Earlier in the day, we had been watching literal versions of music videos on You.Tube. (There are pretty hilarious ones, like “Take on Me.”) As we lay there on the couch, B glanced at my movies shelf and said there should be a literal version of West Side Story. And he started singing about snapping your fingers. I said, “See? This is what you need to understand. I don’t want to do these things with anyone else because I love you. There are so many things I love about you. Including your naked body in my bed.” Yeah, I said that. And it’s true. The last time I’d given him “manual stimulation” he’d lain next to me naked afterward, and I’d said, “If there had been more female painters, there would be many more nudey portraits of guys, because this,”–running my hand over his hip–“is lovely.”
I was finally on my period, so we didn’t have any “naked foreplay time” that weekend, but B did stay Sunday and left Monday as I left for work, as had become our custom.

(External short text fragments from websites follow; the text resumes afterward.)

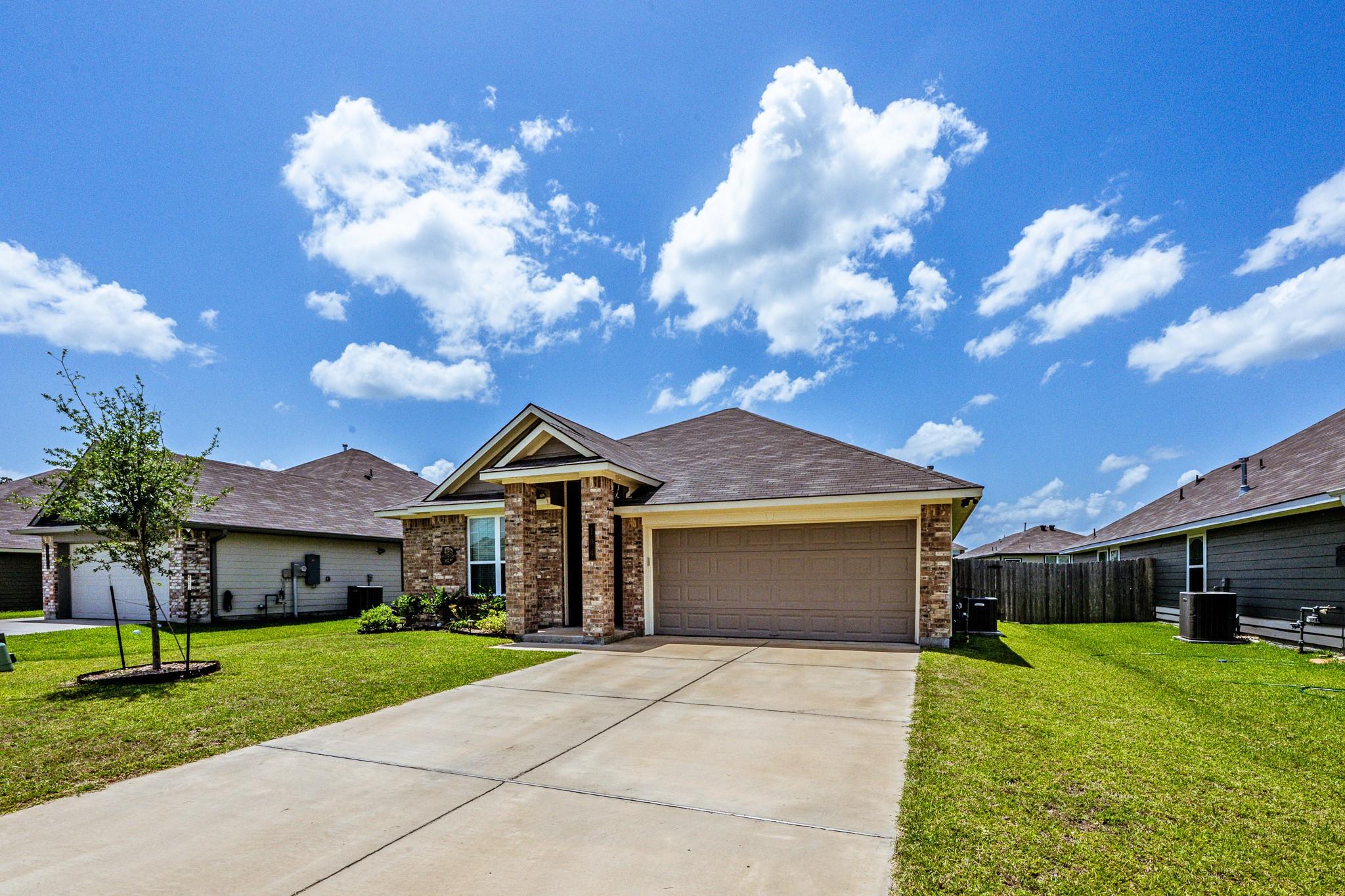 104 Laurel Oak Drive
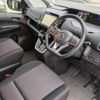 nissan serena 2019 quick_quick_DAA-GFC27_GFC27-165469 image 10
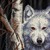 EnigmaticWriterGirl :iconenigmaticwritergirl:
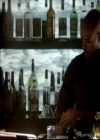 VampireDiariesWorld-dot-org_4x05TheKiller1257.jpg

October 10th. On Wednesday, B emailed, asking if he could bring dinner over that night. Of course I said yes. I asked him what he thought of The Sex Talk, now that he’d had time to process it. It wasn’t easy for him to jump into talking about it. I said, “Would it help if I didn’t look at you?” and put my head on his shoulder. That’s how we’d ended up saying the difficult stuff on Saturday, holding each other close, but not holding each other’s gaze. What he had to say was, “Did I rush you? With all the questions about ‘soon’?” I said no. And I hadn’t felt rushed. I told him I’d wanted to and didn’t regret it. “But saying ‘no more penetration’ and that we need to back up sounds like regret. It sounds like we shouldn’t have done the second practice run,” he said. I told him that I’d wanted to try again, and we did, and now it’s time to try things a different way. We talked more about my needing time to completely relax before the physical process of arousal could begin. I’d come up with an idea: the difference between excitement and the physiological arousal response. The first, I feel when I think about B, the second just hasn’t happened yet. Also, men’s and women’s response times are different, and everything I’ve been reading says that often 15-20 minutes of foreplay is needed before a woman is fully aroused. And B can get an erection just thinking about me. It’s not at all fair. We talked about all of this a lot. I think B is starting to understand, and he’s glad to know I feel excitement for him, even if I can’t seem to let my body go down the arousal road yet.